My personal choice is print, because I am an old, old nerd. The feel, the smell, THE HUNT, the owning, the keeping, the organizing...
Hmmm...? Oh, yes, sorry, I was missing in action for a moment. Where was I? Oh, yes, digital versus printed comics. It is true that digital copies of the latest comics are much cheaper than the print version, and therefore a greater quantity of the images and stories that we all love can be had for the same coin as the printed version, plus all one has to do to acquire their new precious is to click the mouse a few times and there it is, in all its four-color glory.
Those facts alone gives digital a strong lead in the race to the future, not to mention the ease of storage for the digital comic book. Oy vey, every time I move a long box it makes me wish I'd collected stamps...
But if you stop to think about it, what are you really buying when you download a digital comic book? They're just pixels on a screen. There is nothing to them, no sense of permanence or reality. I've read Action Comics in reprints and digital form, and it was neat, but the one time that I was actually able to hold an original first print of the venerable book in my hand...*shiver*... I knew that I was touching the past itself.
I knew that somewhere, in the summer of 1938, a human being, most likely a pre-teen boy, picked up this book and made the decision to buy it. They had many choices that day, they could have gone to a movie or bought an ice-cream cone. But instead they chose to lay down a shiny dime, and walk away with the beginning of a true American legend stuck in his back pocket (the book had a faint crease right down its middle; I shuddered at the image that it provoked in my mind). Then, over the decades, the book sat somewhere, it was a little beat up, probably a Very Good copy at best, it may have been on a shelf in a closet somewhere, or stuffed under a mattress next to a purloined copy of Playboy (also a valuable collectible, in it's own right).
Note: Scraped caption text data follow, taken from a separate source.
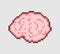 Brain pixel art 8 bit. Brains pixelated. vector illustration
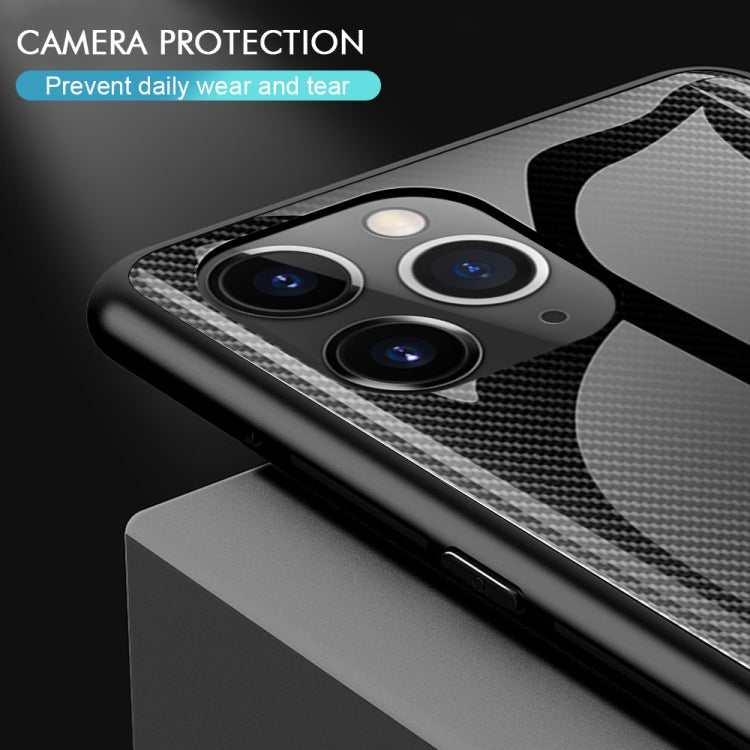 For iPhone 11 Pro Max Carbon Fiber Texture Gradient Color Glass Case(White) - iPhone 11 Pro Max Cases by PMC TechLife | Online Shopping South Africa | PMC TechLife | Buy Now Pay Later Mobicred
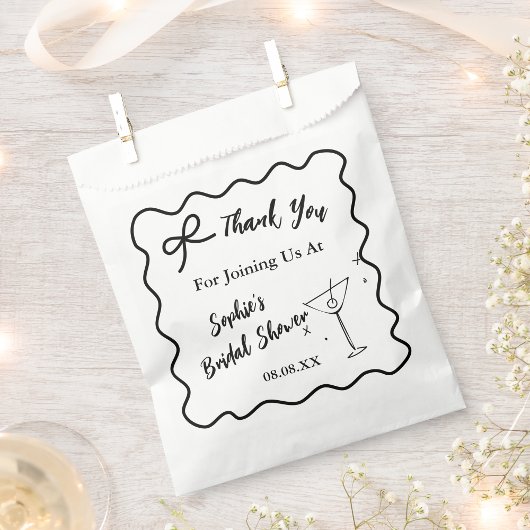 レトロウェーブ ブライダルシャワー フェイバーバッグ - マルティーニグラス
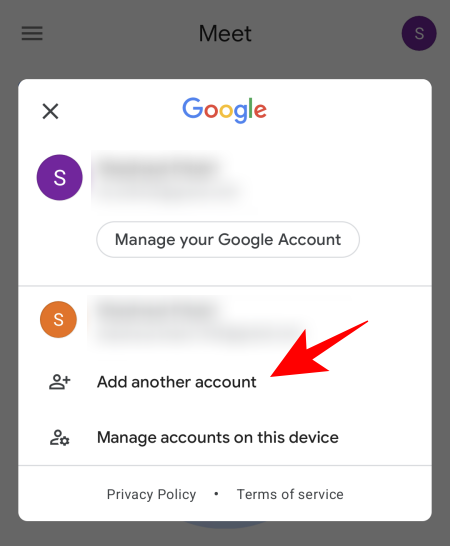 Come aggiungere un altro account in Google Meet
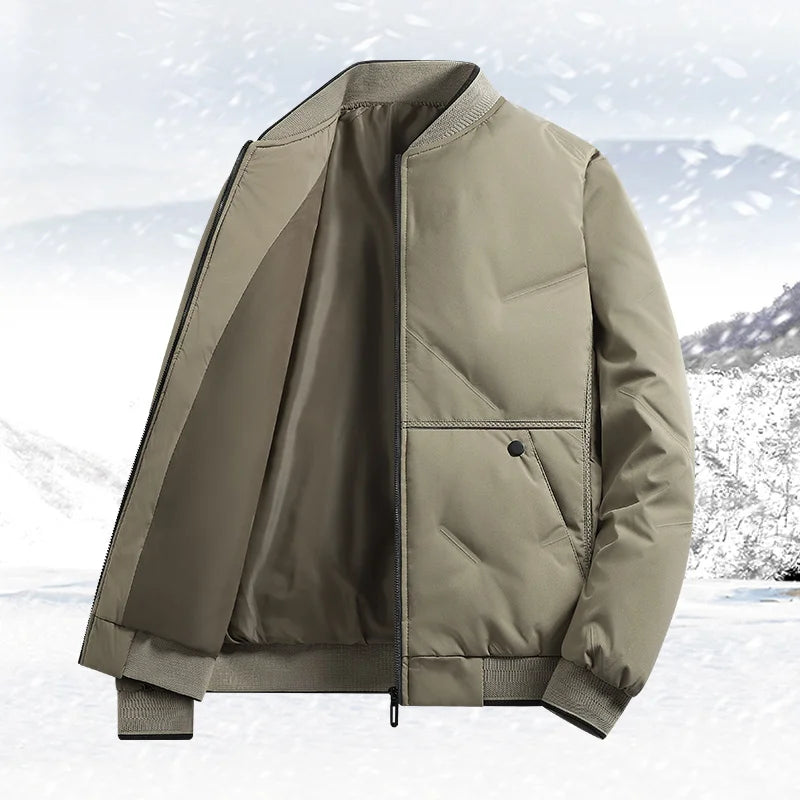 Men's Jacket  Autumn Winter sual Coat Thickened Warm Comfortable Breathable CaOutdoor Solid Color Windproof Zippered Jacket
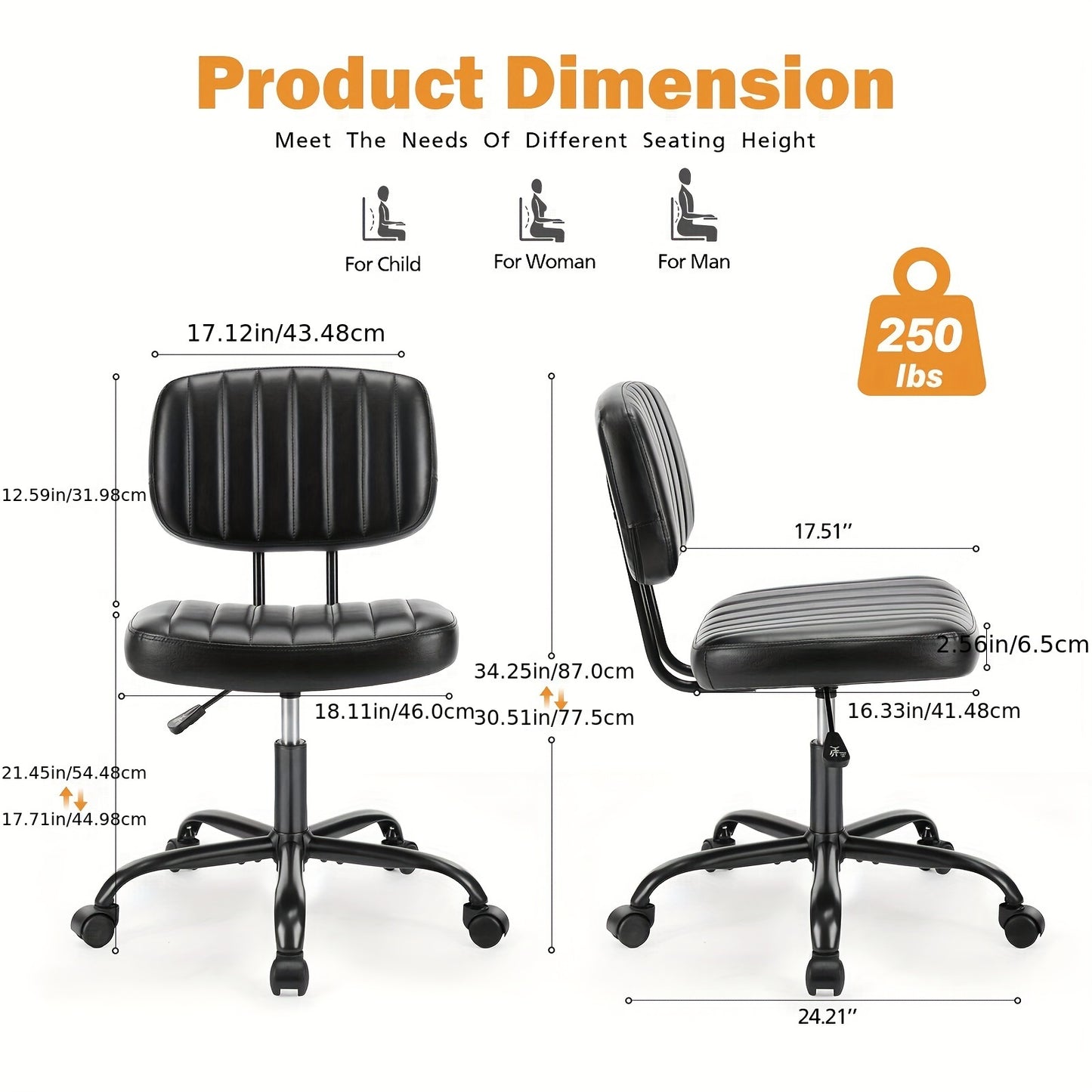 Idle Way Compact PU Leather Office Chair with Lumbar Support- Stylish Armless Swivel Task Chair on Wheels for Home Office and Study- Comfortable and Functional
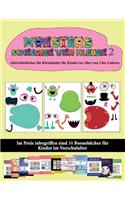 Aktivitätsbücher für Kleinkinder für Kinder im Alter von 2 bis 4 Jahren: (20 vollfarbige Kindergarten-Arbeitsblätter zum Ausschneiden und Einfügen - Monster 2)(51 Aktivitätsbücher Für Kleinkinder Für Kinder Im Alt)
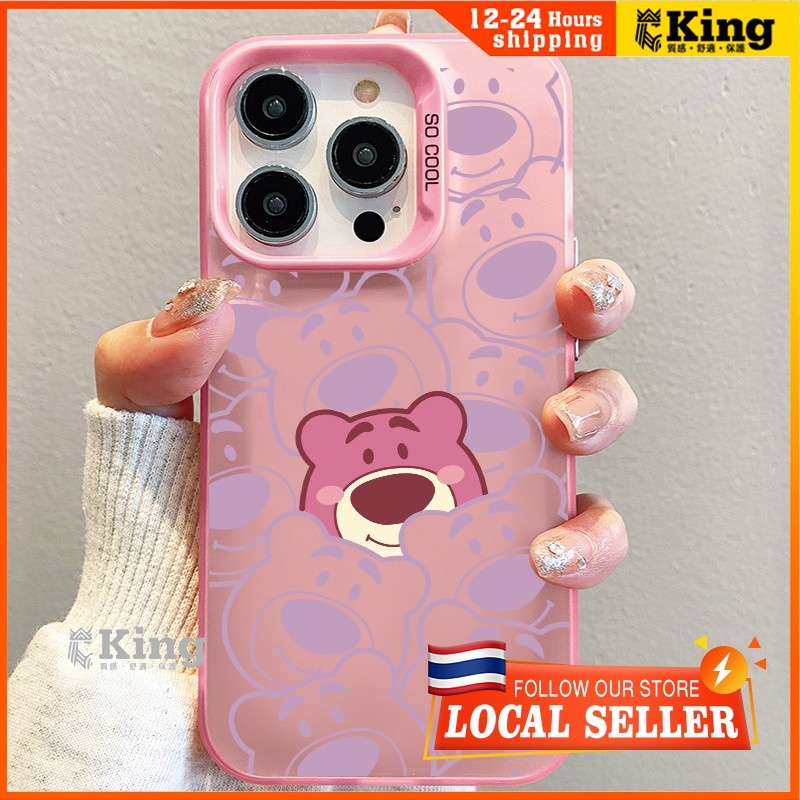 เคสโทรศัพท์โลหะชุบโลหะลายหมีสตรอเบอร์รี่น่ารัก ไอโฟน11 For iPhone12 13 14 15Pro MAX X XS XR 7 8Plus SE2020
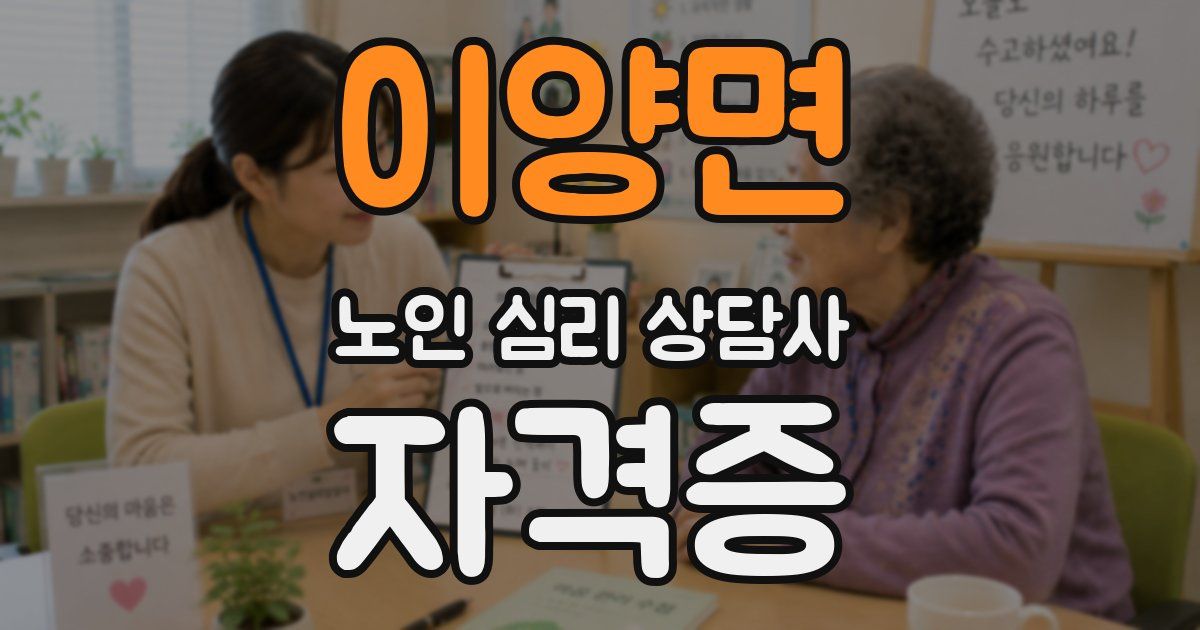 이양면 노인 심리 상담사 자격증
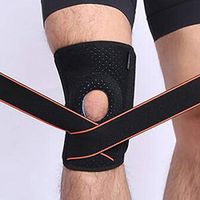 Jinxuny Knee Support-Sports Patella Ligaments Pad Guard Protector Sports Foam Anti-Slip stabilising Brace Knee Belt Support Adjustable Strap NHS for Gym(1PCS) (Color : Black+Orange)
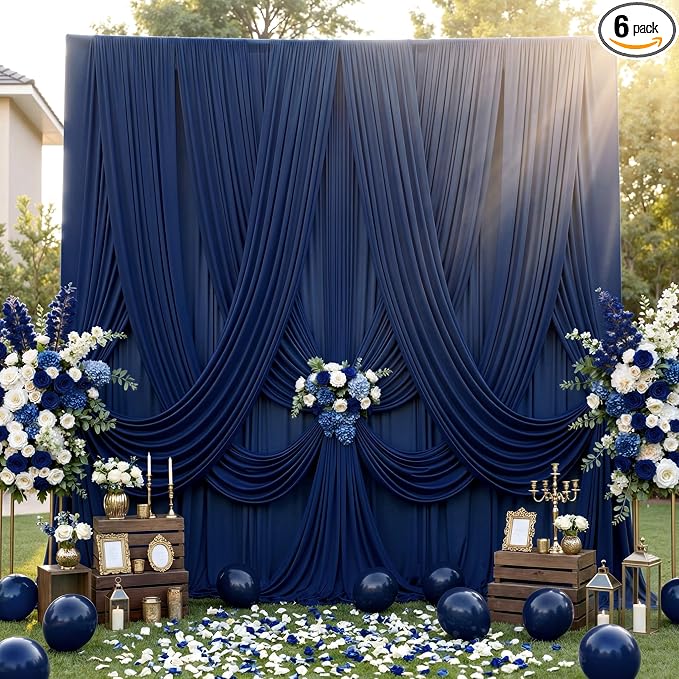 30ft×12ft Wrinkle Free Navy Blue Backdrop Curtain by ENJOYYOURPARTY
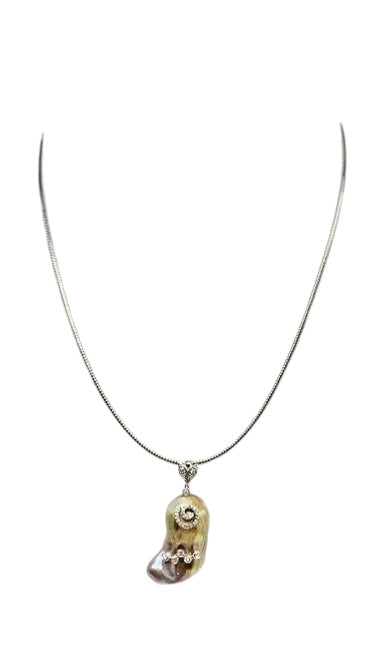 Diamond Fresh Water Pearl Necklace Baroque 14k Gold Italy Certified $3,950 914368 - Certified Fine Jewelry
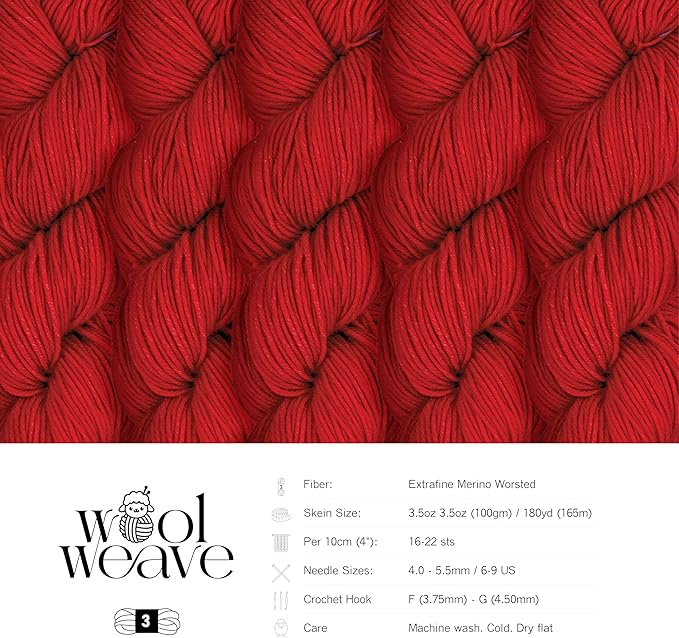 Superwash Merino Wool Yarn for Knitting & Crocheting - Premium Hand Dyed Red Yarn, 100gr, 240 Yards, Dk Weight - Luxurious, Soft & Durable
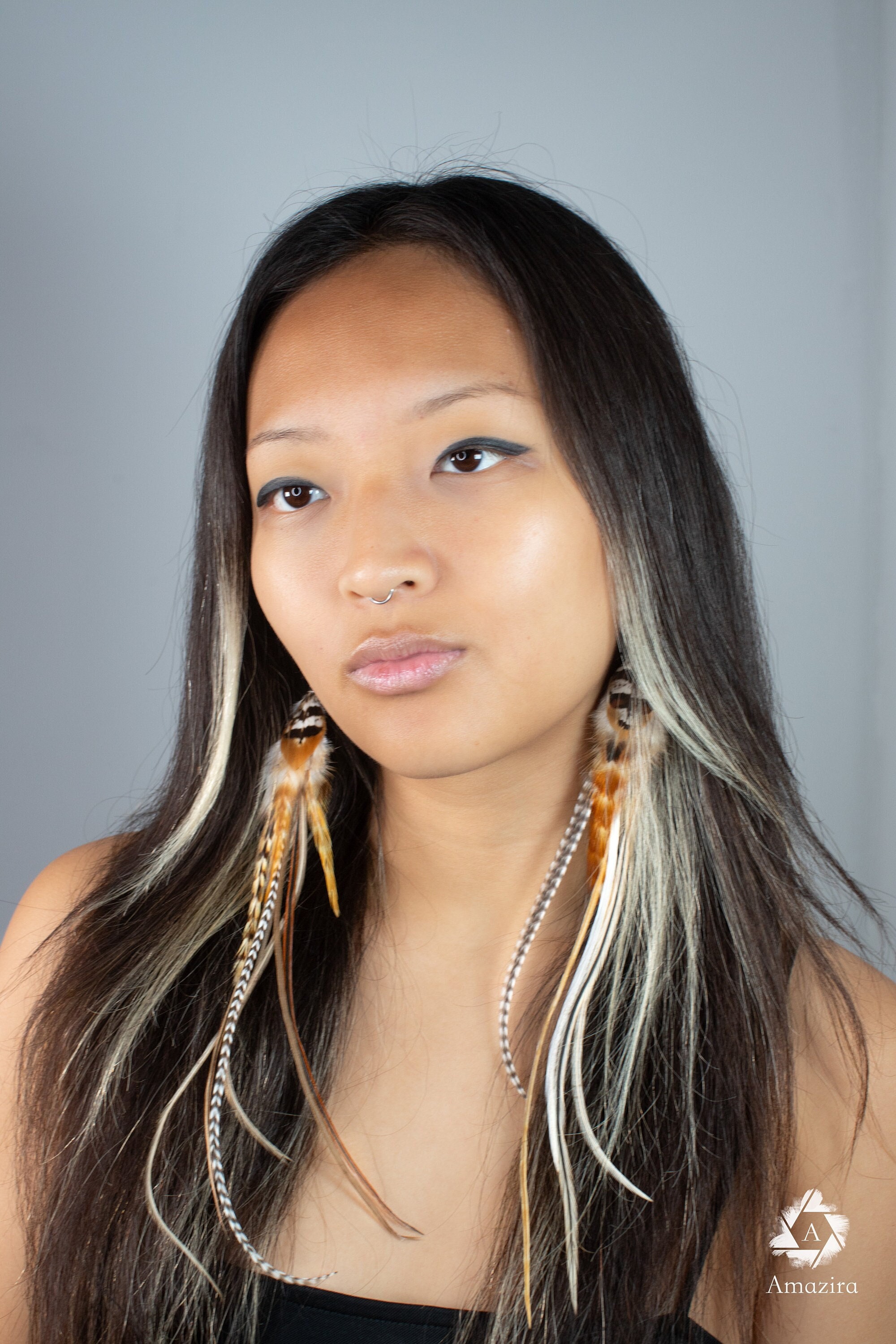 Extra Long Grizzly Feathers Earrings, Natural Stripped  display picture 2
A question of lineage that can never be answered comes with the purchase of the book, a sense that a life was lived, a first kiss, a first sweaty grope in the back of a '57 Chevy, love, marriage, children... And, eventually, the passing on of a beloved magazine to someone else, maybe a son or daughter, maybe to some guy on the other side of a retail counter, all of these things are in the background when one holds a real, physical copy of this...this beloved thing.
But its cheaper to 'buy' a digital copy, it's cheaper, it's easier to do and it takes nothing to store it. I feel a real sense of loss that that is a true statement.